It returns to grace our screens from sidereel and onechannel (because who's gonig to pay for a TV license or bother to do things the right way round, esp. after seeing the first two seasons of aforesaid show) as of the 16th of July. Although the second leg of season 2 was a brilliant concoction of how, not only the protagonist, but the entire organisation dealt with suffering and attacks, it really, quite frankly boiled down to a case of how moronic can a guy be to get laid. No spoilers for those who haven't seen it (yes, I'm talking to the two of you playing space invaders 3000 X), but it really had the messiest of endings. Im going to confess, I understood precious little of the finale and was far too exhausted to find the ability to give a toss and rerun the episode, but from what I've gathered, it just seems like a vague attempt to allow for any possible turn in the storyline come the following season.

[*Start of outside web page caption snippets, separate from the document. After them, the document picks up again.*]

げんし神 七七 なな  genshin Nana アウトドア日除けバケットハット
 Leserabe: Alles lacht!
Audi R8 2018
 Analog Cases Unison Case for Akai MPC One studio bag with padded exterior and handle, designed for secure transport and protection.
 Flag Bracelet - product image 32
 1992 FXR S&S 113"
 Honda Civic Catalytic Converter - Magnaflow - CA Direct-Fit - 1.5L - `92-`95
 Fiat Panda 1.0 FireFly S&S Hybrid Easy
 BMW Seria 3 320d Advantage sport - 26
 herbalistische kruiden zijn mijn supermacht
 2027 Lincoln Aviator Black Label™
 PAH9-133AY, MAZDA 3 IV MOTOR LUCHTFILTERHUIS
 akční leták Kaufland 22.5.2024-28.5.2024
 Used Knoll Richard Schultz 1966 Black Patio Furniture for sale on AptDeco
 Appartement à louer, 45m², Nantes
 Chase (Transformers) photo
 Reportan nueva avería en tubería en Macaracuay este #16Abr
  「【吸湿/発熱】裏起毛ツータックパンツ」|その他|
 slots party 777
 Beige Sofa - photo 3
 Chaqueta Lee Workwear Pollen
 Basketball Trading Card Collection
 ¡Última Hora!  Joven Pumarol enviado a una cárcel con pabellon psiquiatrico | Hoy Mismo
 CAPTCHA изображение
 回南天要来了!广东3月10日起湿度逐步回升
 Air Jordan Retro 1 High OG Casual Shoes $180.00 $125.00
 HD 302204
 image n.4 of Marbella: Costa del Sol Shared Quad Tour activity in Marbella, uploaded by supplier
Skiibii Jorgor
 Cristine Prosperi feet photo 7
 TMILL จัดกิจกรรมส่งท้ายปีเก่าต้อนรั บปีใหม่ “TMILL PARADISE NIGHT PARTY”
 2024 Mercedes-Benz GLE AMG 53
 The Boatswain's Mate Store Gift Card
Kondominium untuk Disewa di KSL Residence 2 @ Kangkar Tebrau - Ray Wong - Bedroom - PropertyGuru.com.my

So here go some guesses. harvey may get married, Donna might leave, Mike and Rachel start dating again and split up again (what's with that name Rachel), and the firm gets overshadowed by their British buyers.
Now the logical flow for the above is, I got shit-knuckled bored and wrote the first words that popped into my head. All said and done, minor critiques aside, this return will be swashbuckling (I love that word, for no particular reason). If my predictions don't come true, then you can 'FML LMAO Harvey 2cute 4lyf <3' me.